Small Planes…

white n191me plane flying in sky

By popular definition, a Boeing 737 is a big airplane. And a Cessna 172, by most standards, would be considered a small aircraft. Well, on a strictly personal level, I wish to disagree.

This week, my wife and I traveled to San Francisco to attend a family wedding. Due to the distance, we decided to let United Airlines do the driving. So, last Wednesday, we boarded the Boeing 737, looking forward to enjoying the flight and a week off. Going through TSA can be an adventure, especially for those of us used to traveling on general aviation aircraft. So, after emptying our pockets, removing our shoes, after being scanned, profiled and patted down, we were finally through to the gate area. So here we are, working our way down the aisle to 26B and 26C. So far, sure does not feel like our kind of flying. Then I spotted our seat. Then I tried to sit in the seat.
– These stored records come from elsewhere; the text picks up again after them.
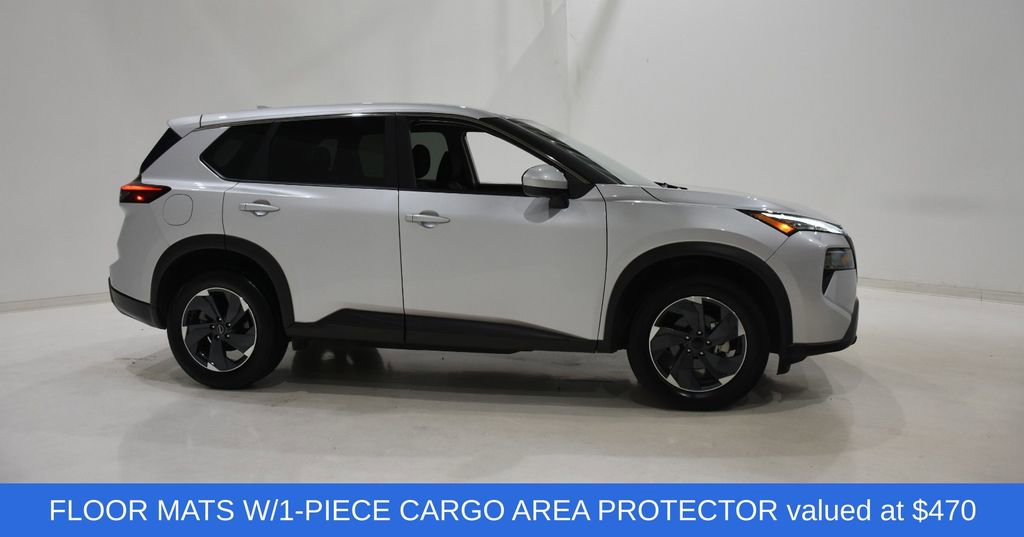 Used 2025 Nissan Rogue SV AWD/4WD image 3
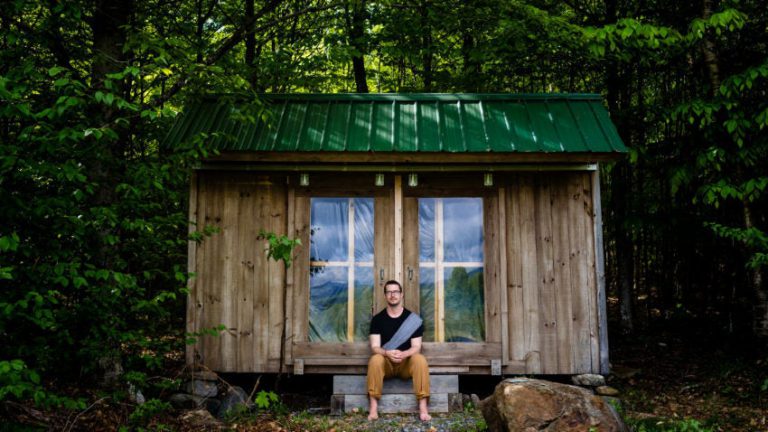 Un filósofo regresa ‘al mundo’ tras pasar dos meses aislado en una cabaña de retiro espiritual: “¿Me he perdido algo?”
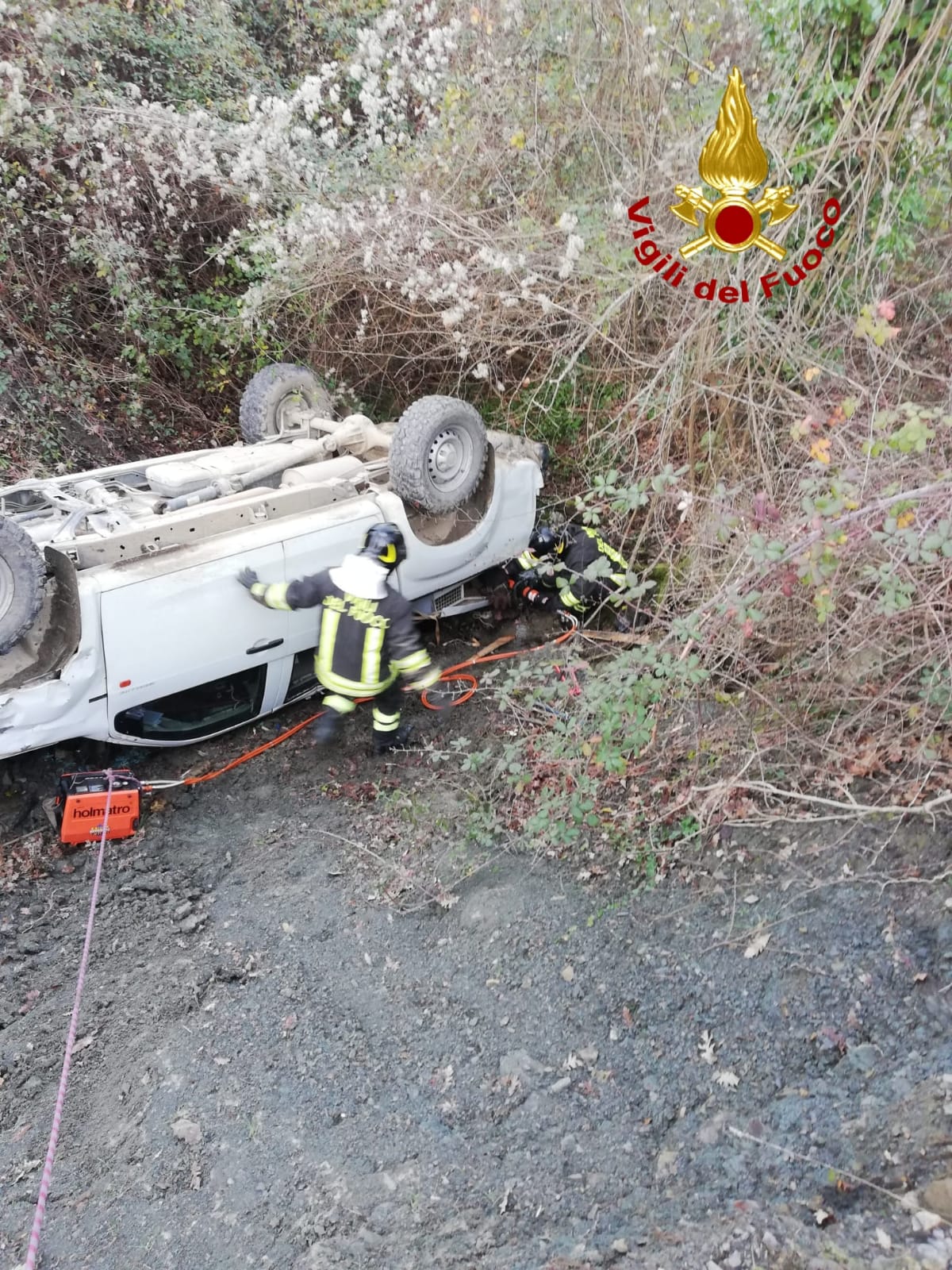 Jeep si ribalta, cane bloccato nell’abitacolo. Salvato dai vigili del fuoco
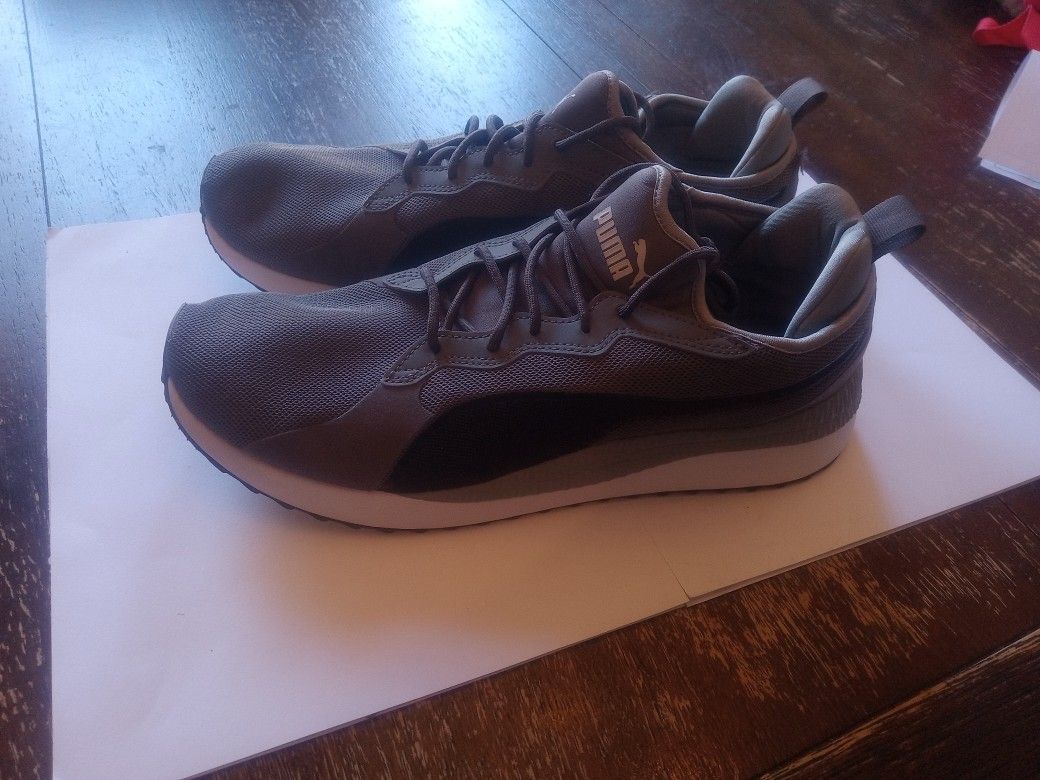 Puma Mens Shoe Size 11.5 ! Clean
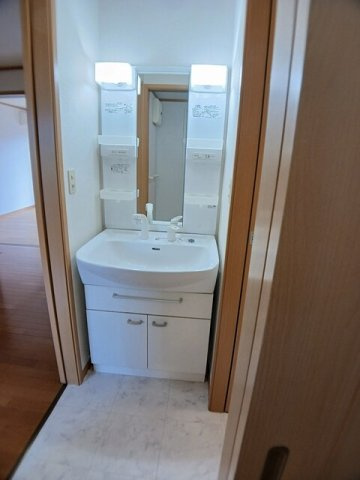 ガーデンハウスＤの洗面所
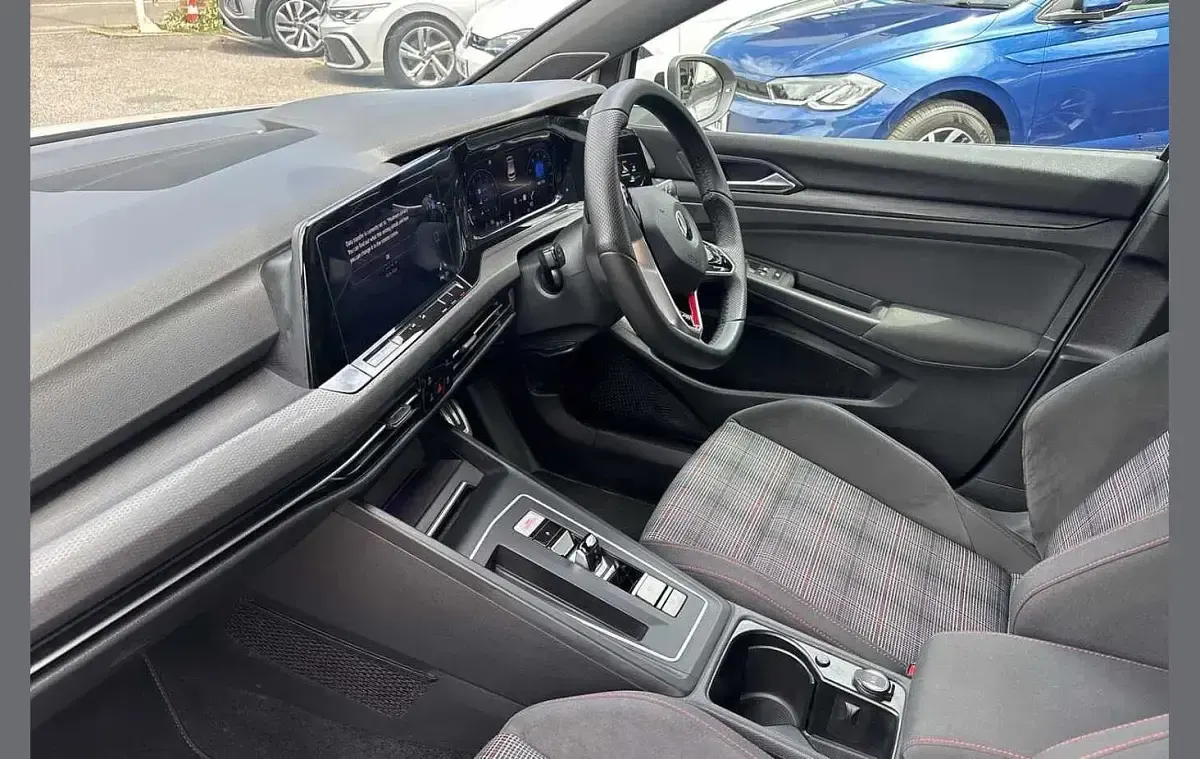 Used VW Golf VIII GTI 241 HP (177 kW) 2021 White Hatchback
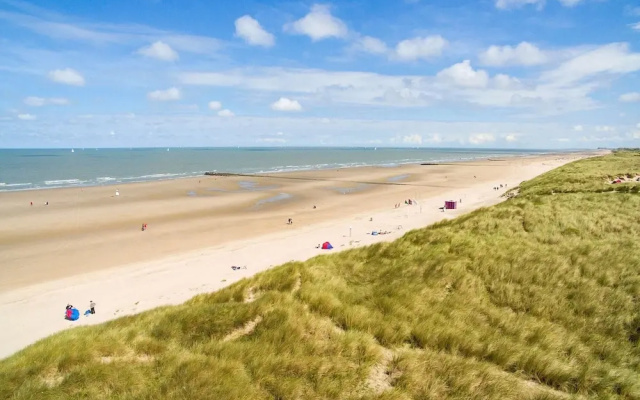 Holiday Home Near North Sea Beach, Breeduyn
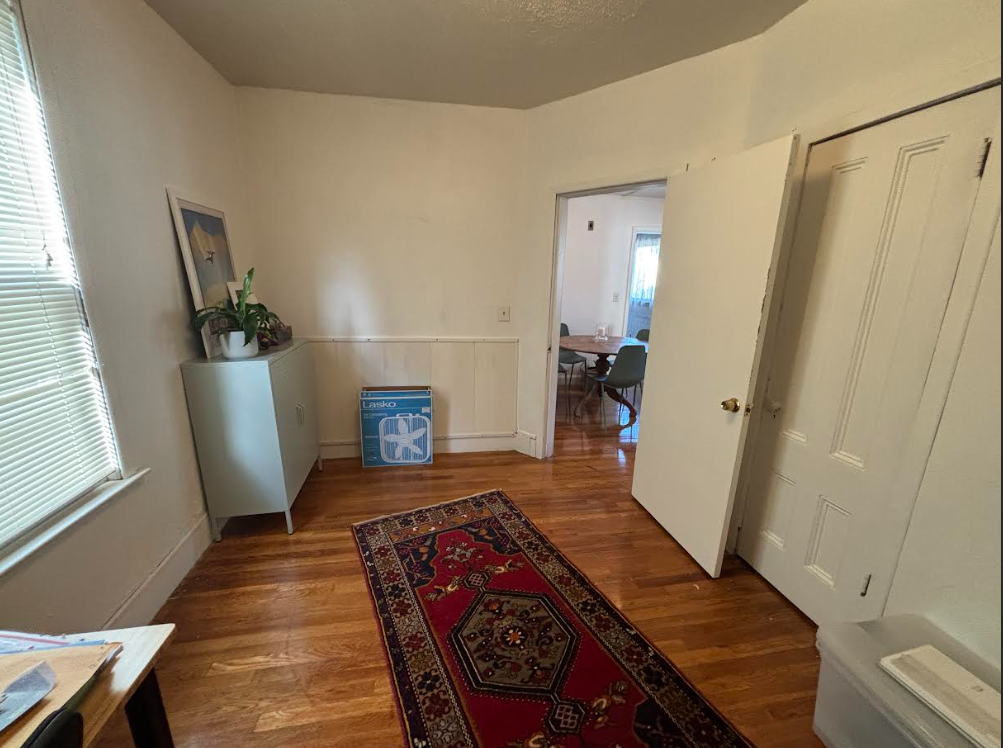 17 Pinckney St, East Somerville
Tight quarters, by anybody’s standards. Lean a bit right and I was shoulder to shoulder with 26A. Lean left and you’re in danger of being run over by the beverage cart. Just when I thought I would survive, the baby on the lap of the person behind me decided the back of my seat was perfect for kicking.

Based strictly on personal space, your “small aircraft” affords so much more space than your large aircraft. So the next time I hear someone speak about small airplanes, my thoughts will be with all those people squeezed into little spaces on board those airliners. Me, I am quite comfortable in my Cessna aircraft with more legroom, more shoulder room, and nobody requesting that they be allowed to scan me prior to boarding.